In any case there are some developed countries that do not have such debts. I have just returned from Korea which, along with Australia, looks like being the fastest-growing developed economy. Its public debt is around 30 per cent of GDP and, as far as I can calculate, its total debt is under 100 per cent of GDP. And it has achieved this with a heavy defence burden, for obvious reasons, yet been able build high-quality infrastructure. Seoul, like so many cities in East Asia, makes the cities of western Europe and North America look dull and shabby.
So what is going to happen next? The first thing is surely that the two-speed world will continue through this recovery. The West, Europe particularly but also the US, will be increasingly preoccupied by its debts. Much of the fruits of growth will have to go, first in stopping public debt rising further, then starting to pay it off. That will restrict private consumption as well as public spending. Germany has not had any significant rise in living standards over the past decade, while in the case of Japan it is more like the past two decades. Well, we – and other European nations – seem likely to have much the same experience. We are not used to that, or at least not in peacetime. There is, of course, fat to trim in personal budgets (do we really need to drink so much?) as well as government budgets, but it is always hard to adjust downwards.
The second thing is that it looks more and more as there will be a second leg to the downswing. You may have noticed that Finland has just reported a downturn in activity: it is the first country to go into a double dip. We have just had Ben Bernanke, head of the US Federal Reserve, saying that he hoped the US would not experience that, a statement that carries the concern that it might. It is not at all clear whether the US will have that second leg to the recession but given what is happening across Europe it would be surprising if some European economies did not have at least one quarter of negative growth before the end of next year.

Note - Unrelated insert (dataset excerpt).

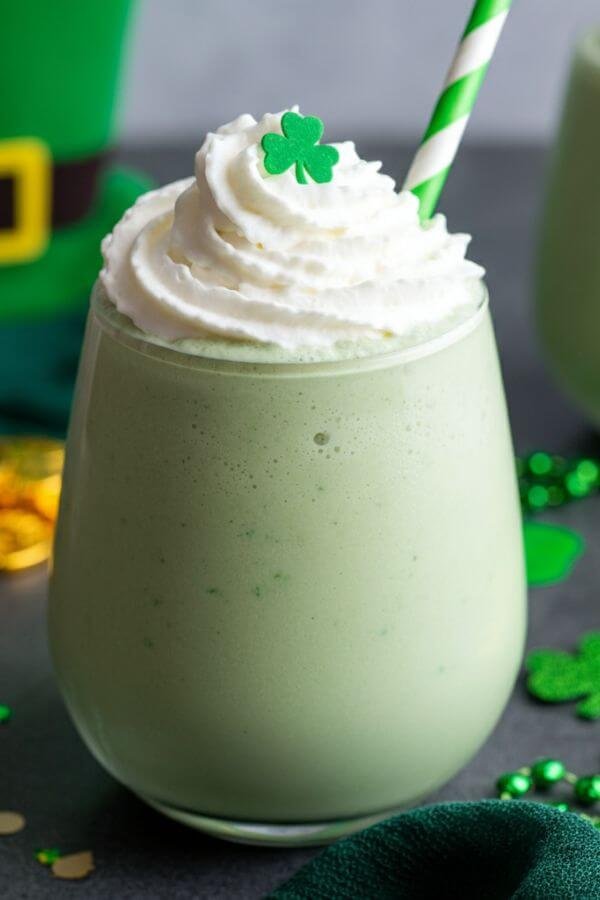 A creamy, green vegan shamrock shake in a clear glass, topped with a dollop of vegan whipped cream and a festive green-and-white striped straw. The background features subtle St. Patrick's Day decor like shamrocks, gold coins, or a touch of green fabric.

The third thing that is going to happen is that we in Europe, and that is all of us, will think differently about public spending. You cannot put people through what will happen over the next five, actually 10, years without them feeling quite differently about the role of the state. We have in effect been lied to – not just in Britain but everywhere – about what the state can provide at any particular level of taxation. And as a result of that lie, we have transferred a huge burden on to our next generation of working people. They have to provide not only for the pensions and healthcare of the retiring workers but also pay interest on the debts that have passed on.
All this is obvious enough. The hardest thing to see is the financial consequences. Will governments try to reduce the real burden of debt by encouraging inflation? There will certainly be a great temptation to do so but the interests of pensioners will be against that and they will be an important political lobby. Look how the possible cut in dividend by BP has become a political issue because of the way it would hit pension funds. Many people think the incentive to inflate will prove irresistible and that is what the gold market is saying. My instinct is that the costs of inflation, in terms of higher interest rates, coupled with the memory of the inflation of the 1970s and 1980s, will check that. But the course of inflation is the great imponderable; what is certain is that the shift of power from West to East will continue.